For more than fifteen years this was our job. Working together, we were able to afford the bills and keep the legacy of our family alive. Eventually, my siblings and I went different ways.  None of us became bakers. But pizza is still a great reason to gather the family around the table. 

Our favorite toppings continue to be mozzarella, simple and delicious; smoked sausage and onions; caned tuna, corn and onions. All of these sit upon a layer of fresh tomatoe and are finished with oregano and olive oil as soon as they come out of the oven.

In the early 2000s, when my father was teaching my sons how to make the best pizza dough, we decided to write the recipe down.

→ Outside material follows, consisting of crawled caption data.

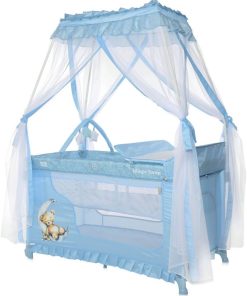 Lit parapluie bébé avec BALDAQUIN – Lit pliant / pliable à bascule Magic - bleu - Bleu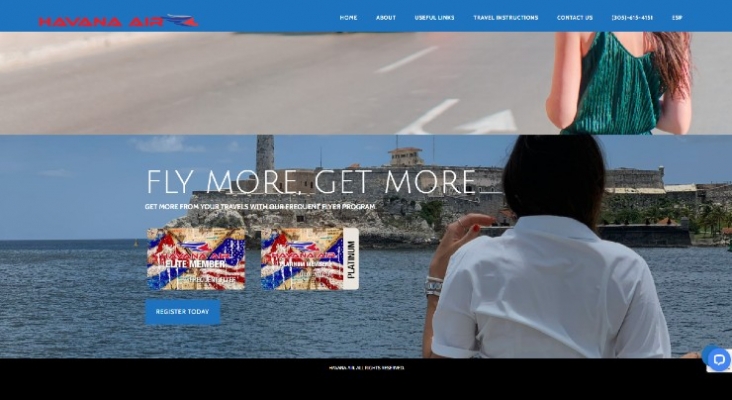 Havana Air, compañia chárter con sede en Miami, lanza su portal online de viajes a Cuba | Imagen de havanaair.com Havana Air, compañia chárter con sede en Miami, lanza su portal online de viajes a Cuba | Imagen de havanaair.com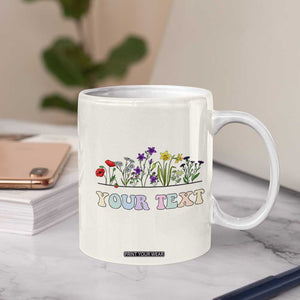 Personalized Wildflower Floral Coffee Mug Custom Name Birthday Gifts For Her Mothers Day TB10 Print Your Wear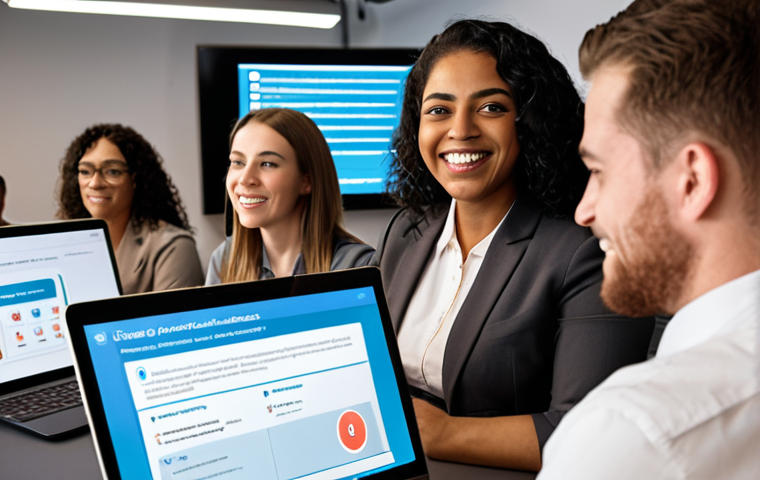 **Image:** A diverse group of employees participating in a cybersecurity training session. The training is gamified, with elements of a quiz or challenge visible on a screen. Some employees are smiling and engaged, while others are focused and concentrating. Badges or points are visually represented. This illustrates the "Gamifying Cybersecurity Awareness to Boost Engagement" section.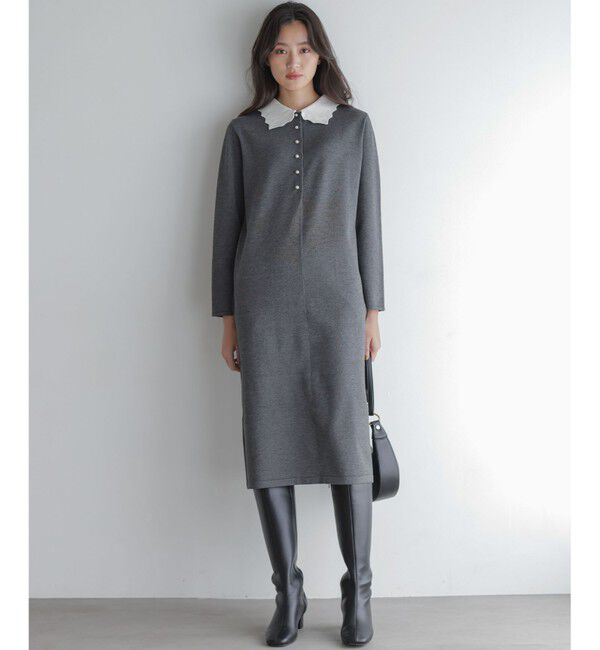 組曲「レースライク襟付きニットワンピース」|ワンピース|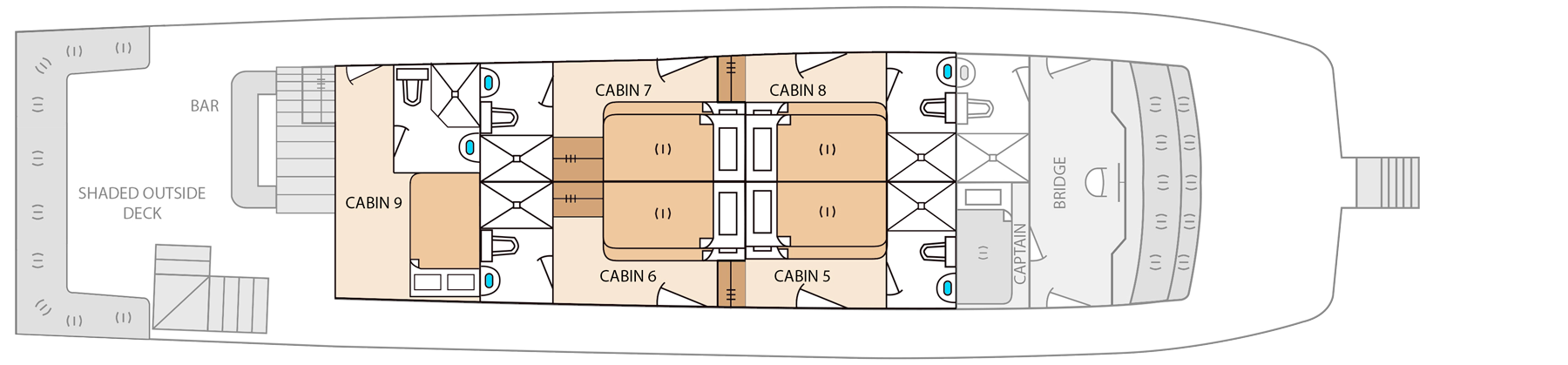 upper deck aqua yacht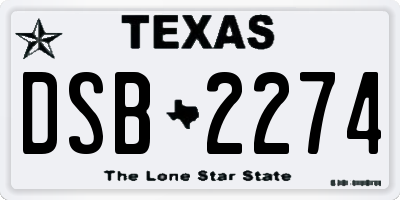 TX license plate DSB2274
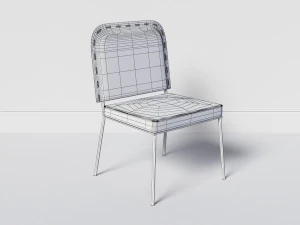 Stitched leather chair 3D Model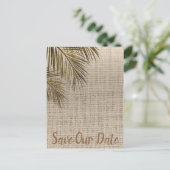 Bahama Bronzen Palm Rustieke Burlap Save the Date Aankondigingskaart (Staand voorkant)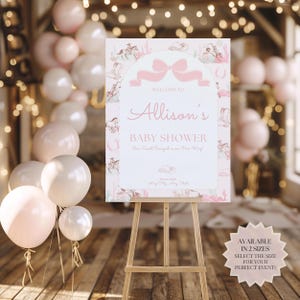 Cowgirl Babyparty Willkommensschild, es ist ein Mädchen | Eine bearbeitbare Canva-Vorlage in 2 Größen, 18x24 und 24x36 | Mädchen Rosa Baby Shower Decor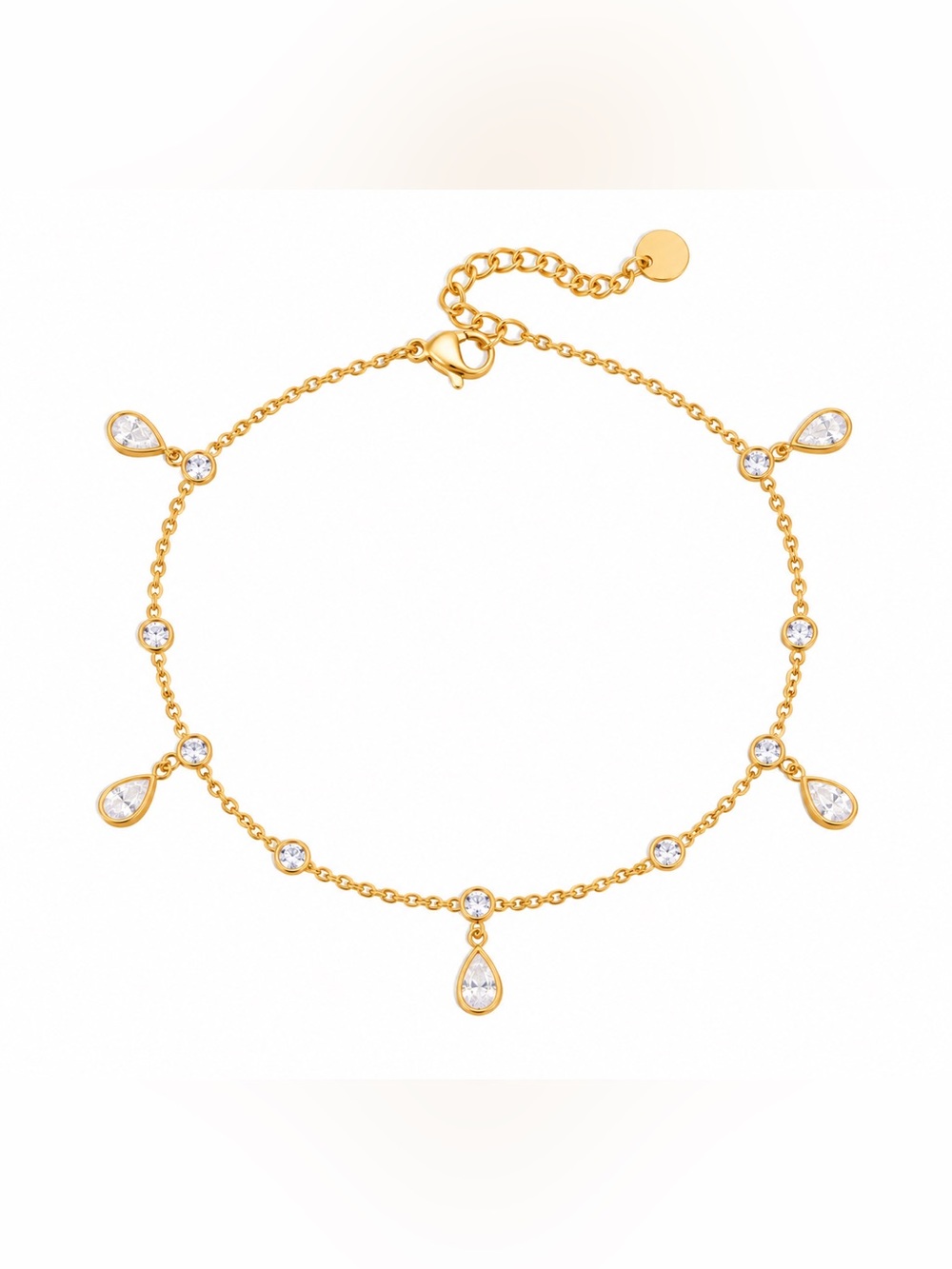 Gold Teardrop Dainty Anklet D154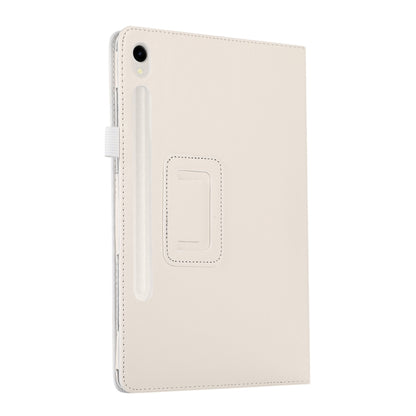 For Samsung Galaxy Tab S9+ Litchi Texture Leather Tablet Case with Holder(White) - Other Galaxy Tab PC by buy2fix | Online Shopping UK | buy2fix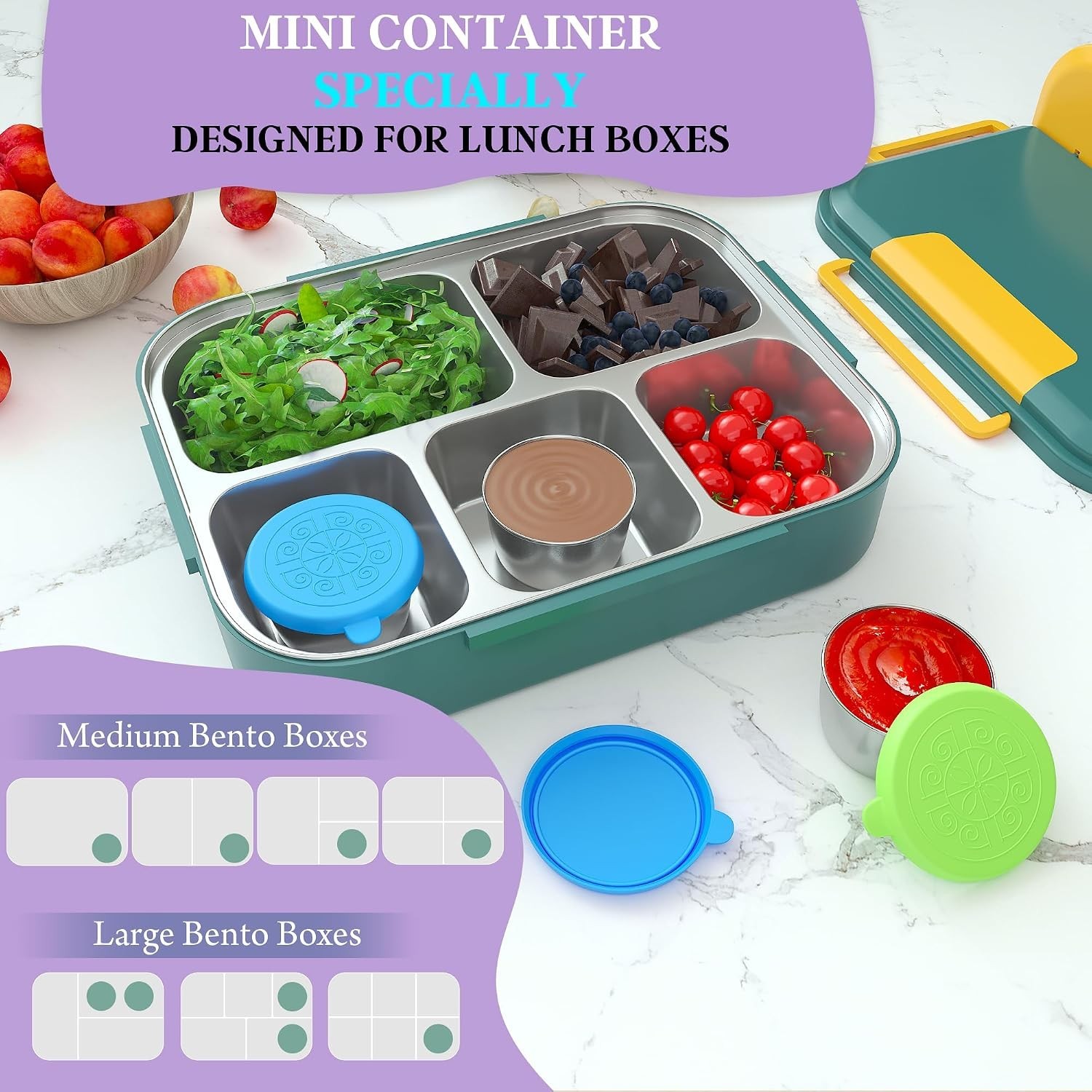 6×1.6 Oz Salad Dressing Containers With Lids, Small Leakproof Reusable Stainl…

In honor of my mother, we called the recipe Pizza da Vovó, which means, Grandma’s Pizza. I think this moment was the first time the recipe was written down! Although we now have the recipe, we never made pizza without my parents around. 

I had my first experience baking pizza alone in New York, far from my parents, far from home, and far from my country. I did it to take the pictures that you see here. My first attempt was frustrating. The dough was too soft. I called my father, who did not answer the phone. I didn’t have much time because the yeast was working fast. I was nervous. It was my sister-in-law who saved me with a simple piece of advice. “Follow your instinct,” she said, “add flour and try to remember how you felt the dough in your hands when you used to make it with your parents.”  

I recovered my self-confidence, but it did not work very well. After baking, the dough was too harsh. When I finally got to talk to my father he said the same: “follow your feelings and add the flour slowly, you will know when it is good.” 

The second time, the recipe worked and I could make the recipe adjustments needed to give you the correct quantities. Now that this recipe has been tested and approved, it can go on to nourish future generations.

 

Grandma’s Pizza

(translated from Portuguese by the author)

1-kilo (2.2 lbs) all-purpose flour
100 grams fresh yeast
200 ml vegetable oil
1 Tablespoon sugar
1 Tablespoon salt
500 ml water

Step 1. Crumble the fresh yeast in a big bowl and add sugar. Wait until the yeast dissolves and then add water, salt and oil. Mix the ingredients well and add the flour little by little.  Mix until the dough is smooth and unglued from the bowl

Step 2. Sprinkle a work surface with flour. Reshape the dough into seven balls of the same size and put them on a lightly floured surface. Cover the dough and let it rest about 30 minutes. Meanwhile, put six to eight (it depends on the size) ripe tomatoes in a blender, process quickly and rest in the refrigerator. 

Step 3. Heat the oven to 400 degrees. Press one dough ball at a time on the work surface with your hands, adding flour as needed to roll the dough until it is as thin as you want.** Fold the flat dough in a half and transfer to the baking sheet.  Unfold the dough and press down around the edges. Transfer the processed tomatoes into a colander with a plate underneath so it does not retain water. Sprinkle salt to taste, mix and spread a thin layer of tomato over the dough. Bake for about 5 minutes. The idea is to make a pre-baked dough.  It will be ready when the lower part is baked and light in color. The pre-baked dough can be used immediately, refrigerated for a week, or frozen for up to six months.

Step 4. Heat the oven to 350-400 degrees. Spread your favorite pizza toppings on the pre-baked dough and bake for an additional 10 minutes. 

** If you want to make mini-pizzas, divide the ball into four parts and open each of them by hand doing a small edge. Then follow the same steps listed above.